Et que signifie le moment du clip où un homme danse seul avec une voiture ?
L’identité de mon projet est d’être inspirée par les traditions et l’énergie des fêtes grecques mais aussi par la ville. En effet, je suis née en ville, à Athènes et j’y vis aujourd’hui. Et je suis très connectée à la culture occidentale. Voir cet homme, dans la vidéo, danser la Karsilamas (danse folklorique turque et grecque) avec une voiture, c’était une manière de symboliser ce que j’essaie de faire avec ma musique, mixer des éléments urbains aux racines. Créer des ponts. La première chanson de mon album, Yiati Pouli M’ (qui veut dire « Pourquoi petit oiseau ?« ) est une chanson traditionnelle. Elle raconte un dialogue avec un oiseau.

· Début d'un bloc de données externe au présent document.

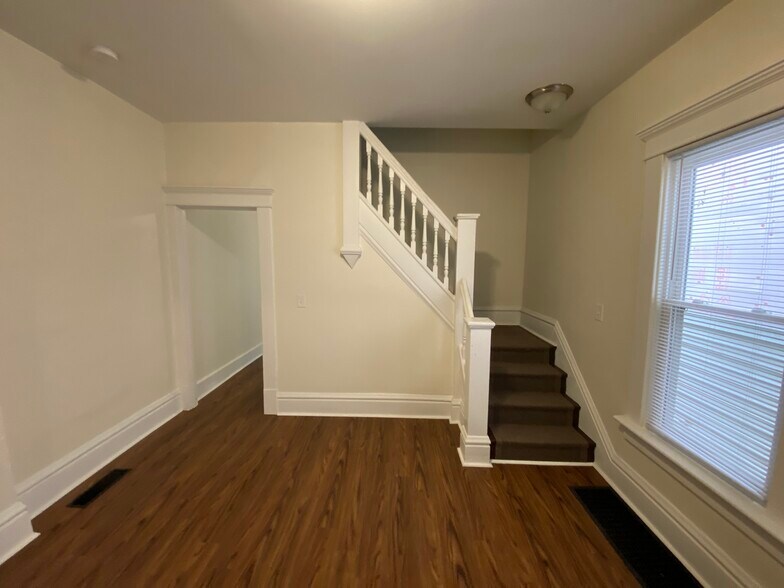 Building Photo - 82 Dana Ave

Je lui demande : » Pourquoi, petit oiseau, tu ne peux plus chanter comme tu chantais avant ? » Et l’oiseau répond : » Comment pourrais-je chanter comme avant, on m’a coupé les ailes. » Cela signifie que quand on nous coupe de notre nid et qu’on perd ses racines, on ne peut plus être créatif.
Marina Satti représentera la Grèce lors de la finale de l’Eurovision qui aura lieu le 11 mai 2024 en Suède. En concert au Café de la danse, à Paris, le 14 juin 2024.